DATA BLOCK:

____________

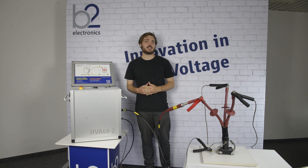Step four: verify connections. Check that all cables are attached securely.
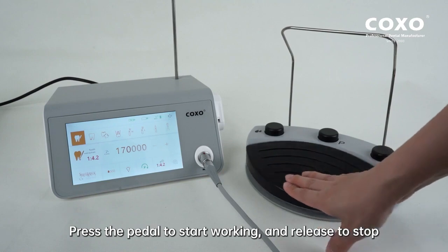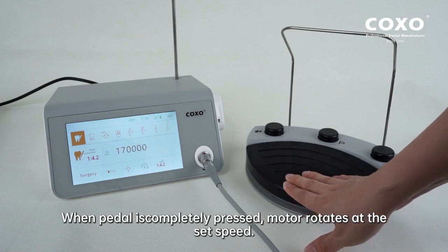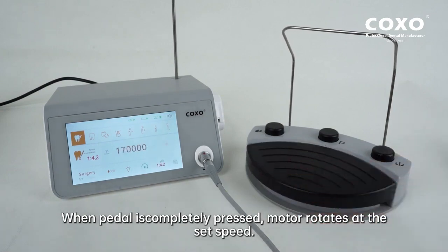Press the pedal to start working and release to stop. The speed of the motor depends on the pedal pressing force. When the pedal is completely pressed, the motor rotates at the set speed.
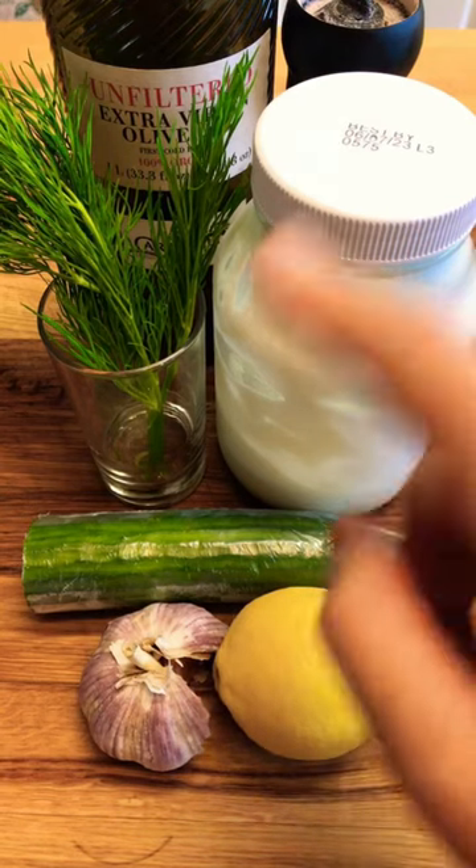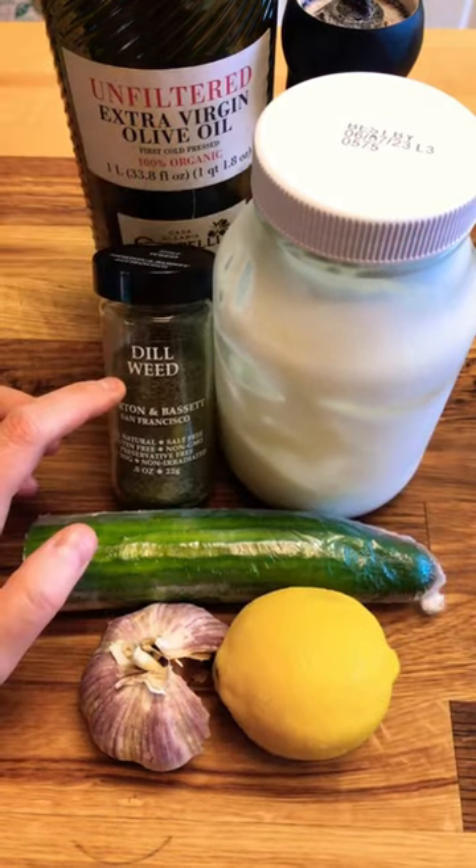You need lemon, garlic, cucumber, yogurt, olive oil, salt and pepper, and dill — fresh or dry.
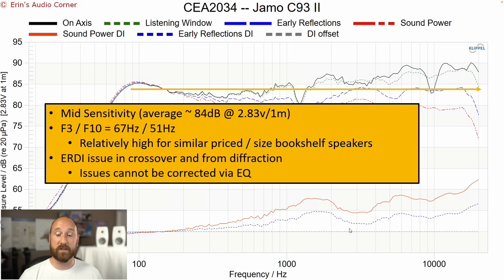The other aspect to pay attention to is the ERDI. Notice how it's increasing? If it had continued to keep going straight through, you would have probably been okay — you could EQ this speaker. But the problem comes into play through this 2 kHz area, where it looks like there's some kind of diffraction going on, probably from the enclosure. And then there's another diffraction effect right around here, probably from the waveguide.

____________

WHAT IS BEING ASKED:
Line by line, reproduce exactly the lines from the one containing "Press the pedal" through the final line of the material, both included, leaving every picture out.

FINISHED TASK:
Press the pedal to start working and release to stop. The speed of the motor depends on the pedal pressing force. When the pedal is completely pressed, the motor rotates at the set speed.
You need lemon, garlic, cucumber, yogurt, olive oil, salt and pepper, and dill — fresh or dry.
The other aspect to pay attention to is the ERDI. Notice how it's increasing? If it had continued to keep going straight through, you would have probably been okay — you could EQ this speaker. But the problem comes into play through this 2 kHz area, where it looks like there's some kind of diffraction going on, probably from the enclosure. And then there's another diffraction effect right around here, probably from the waveguide.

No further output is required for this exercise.